### TASK OBJECTIVE
Restate word for word the part of the material that runs from the line containing "200 russian rubles" through its final line, inclusive, minus the pictures.

EXTRACTED MATERIAL START

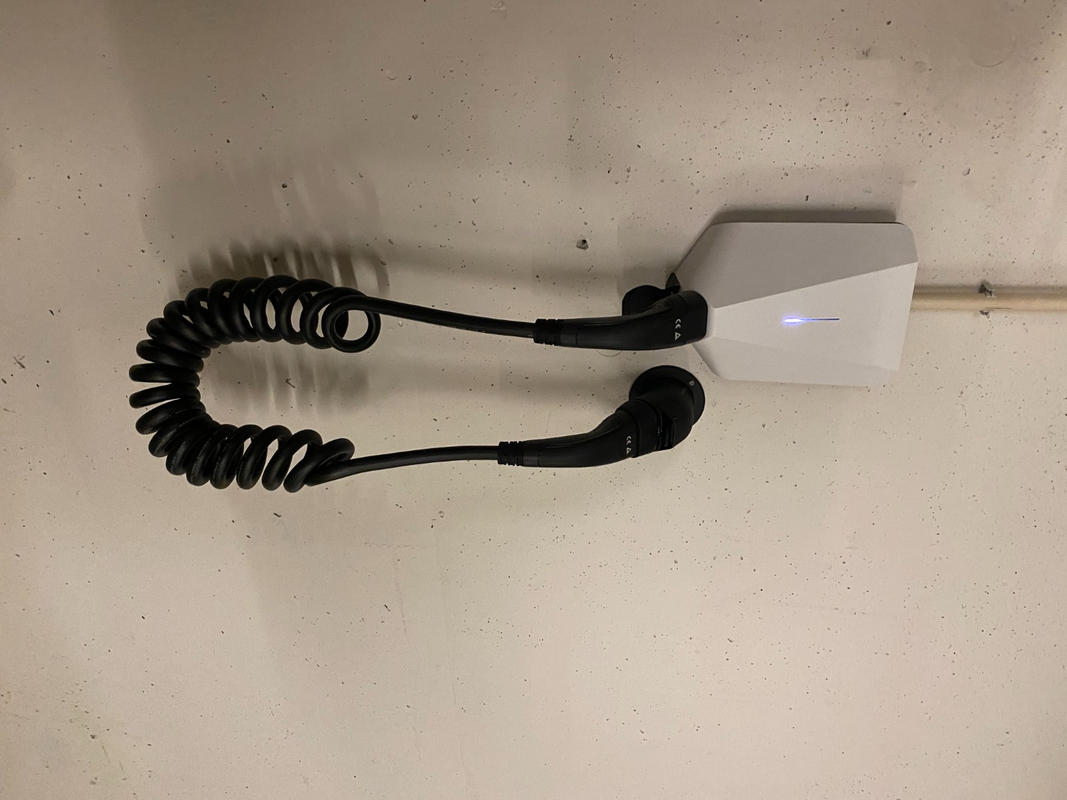 Angled wall holder for Type 2 plug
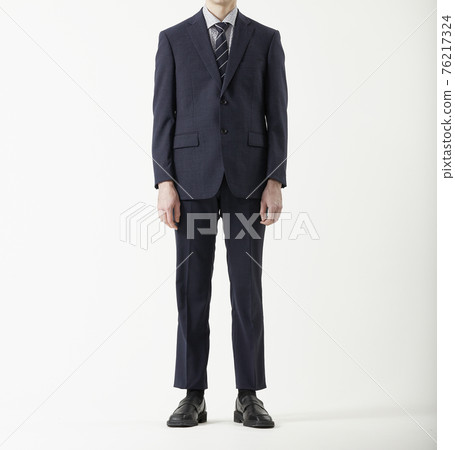 Man standing in suit, white background 76217324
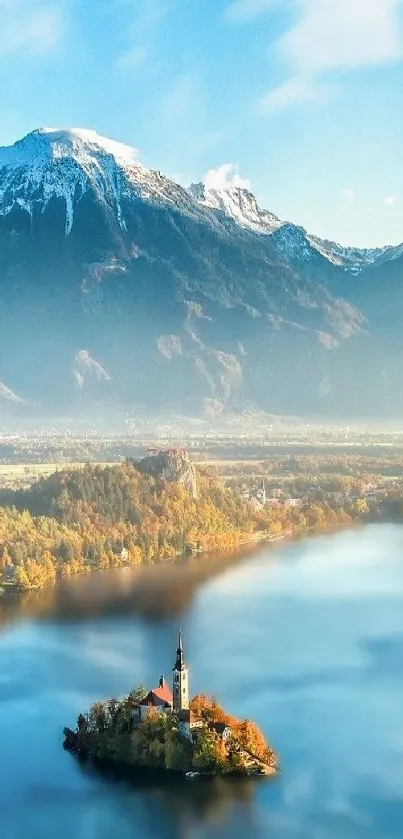 Serene alpine lake with snow-capped mountains under a clear blue sky.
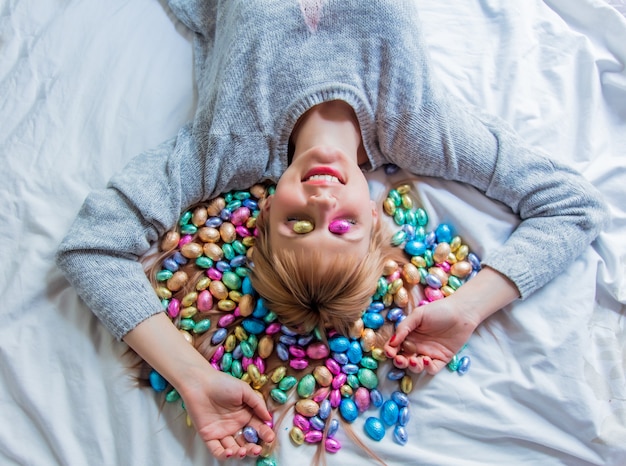Vrouw en Pasen-snoep in een bed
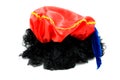 Red hat and black hair of Zwarte Piet Royalty Free Stock Photo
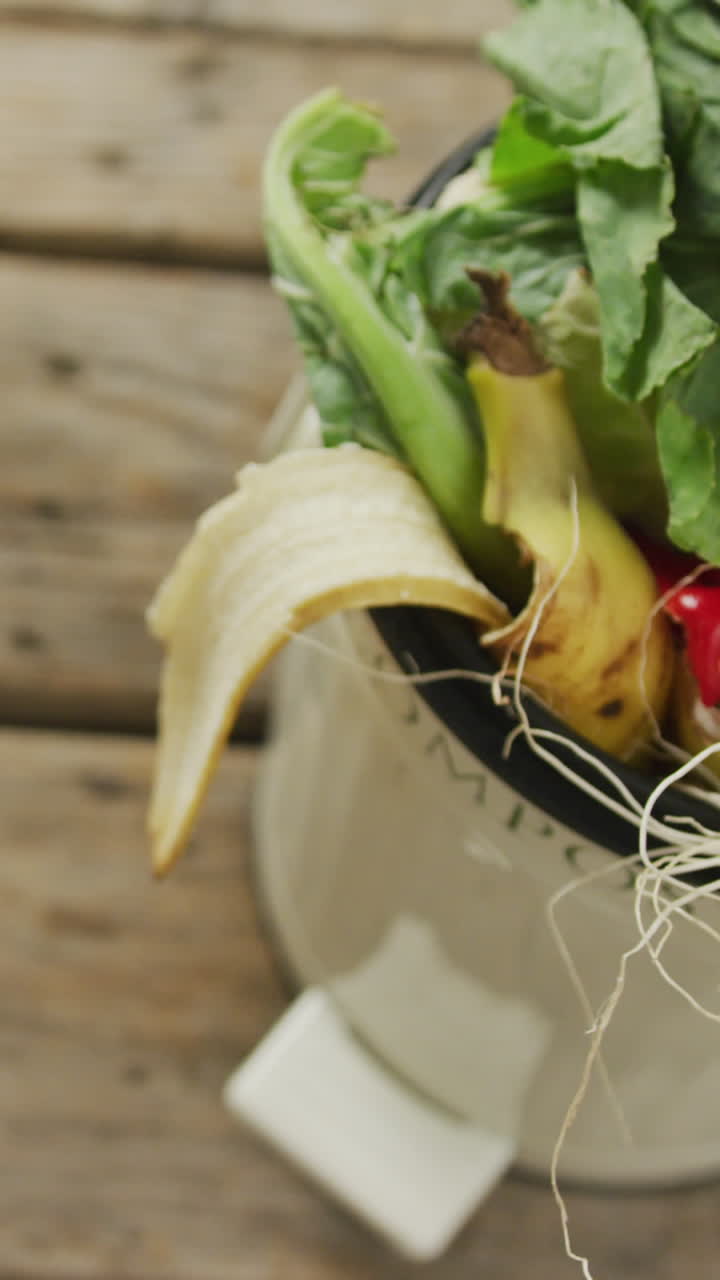 나무 바탕에 유기 폐기물과 복사 공간이 있는 색 비료통의 비디오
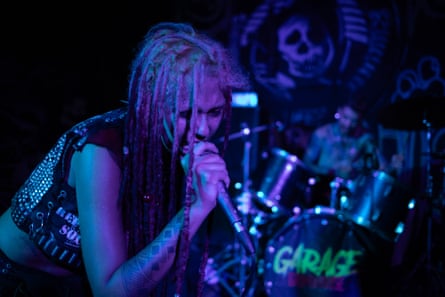 Vic Morphine, vocalist of Repressão Social, sings into a microphone on stage.
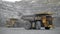 A Cat loader loads a Komatsu 730e dump truck with ore.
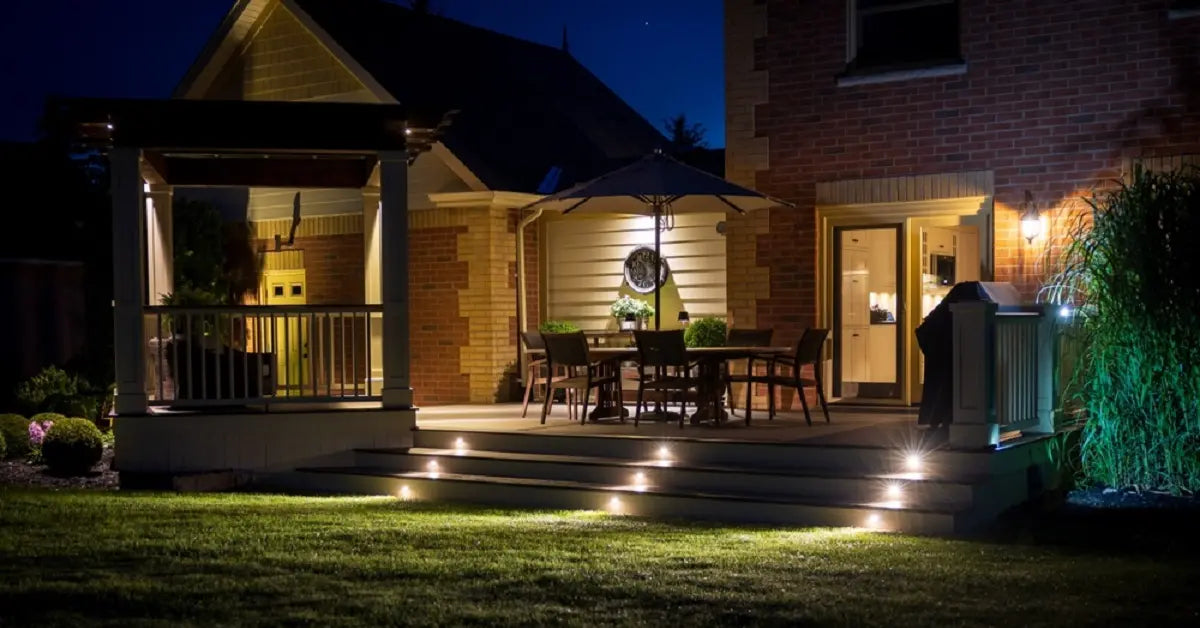 4000K neutral white outdoor lights on patio steps and deck, providing clear, bright illumination for a backyard dining area at night.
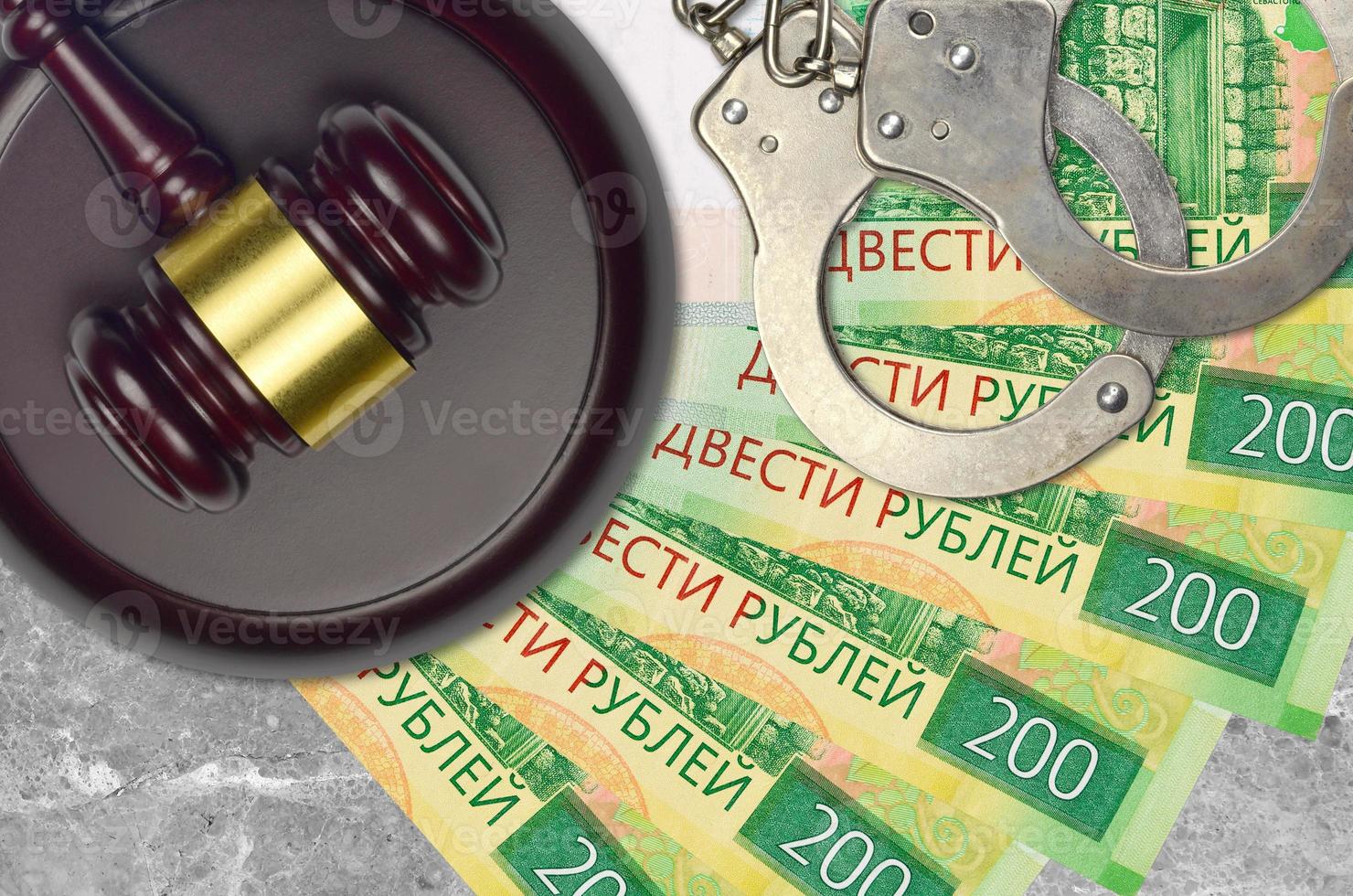 200 russian rubles bills and judge hammer with police handcuffs on court desk. Concept of judicial trial or bribery. Tax avoidance photo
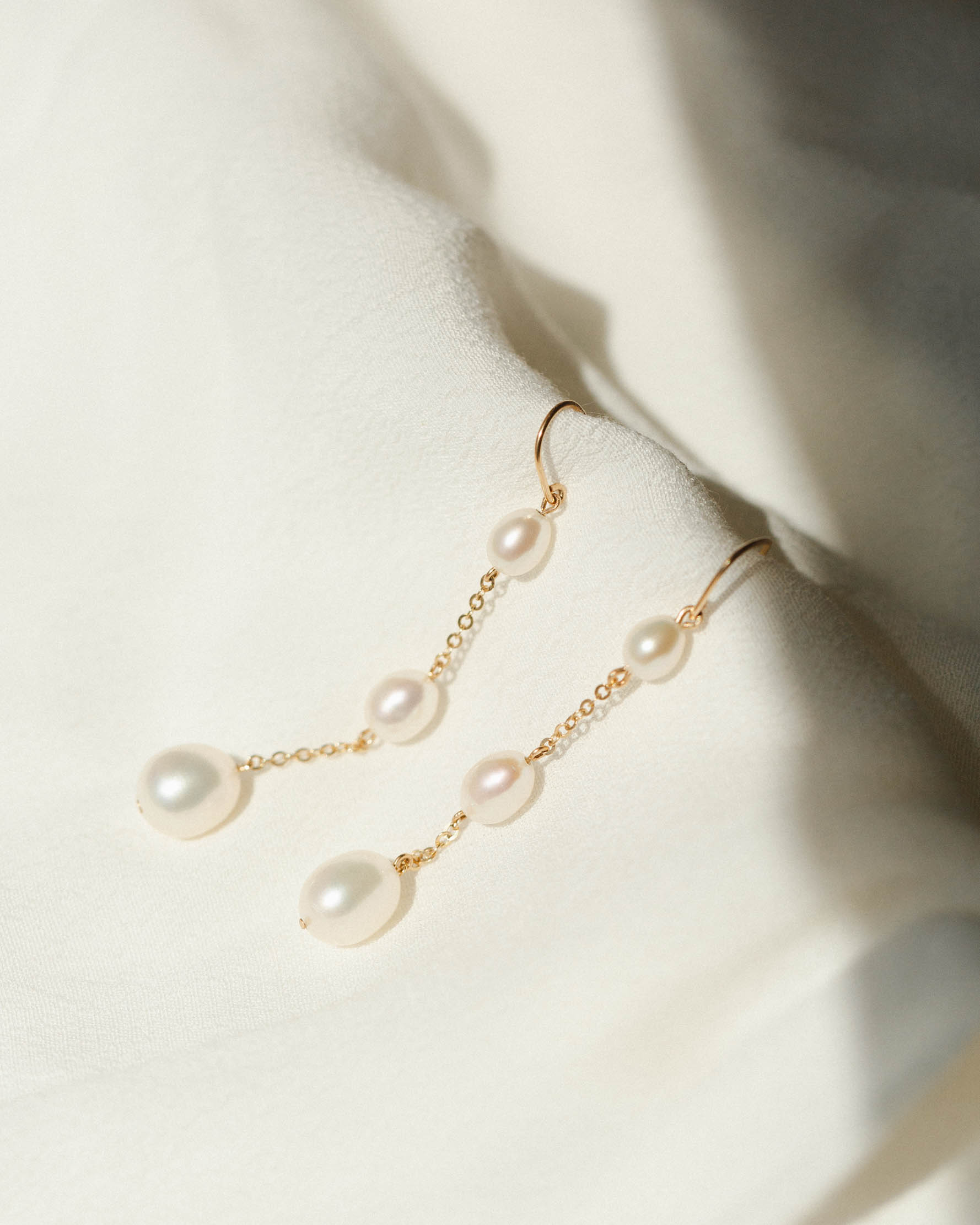Long Pearl Dangle Earrings In White Gold | KLENOTA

EXTRACTED MATERIAL END

### TASK RESULT
 200 russian rubles bills and judge hammer with police handcuffs on court desk. Concept of judicial trial or bribery. Tax avoidance photo
Long Pearl Dangle Earrings In White Gold | KLENOTA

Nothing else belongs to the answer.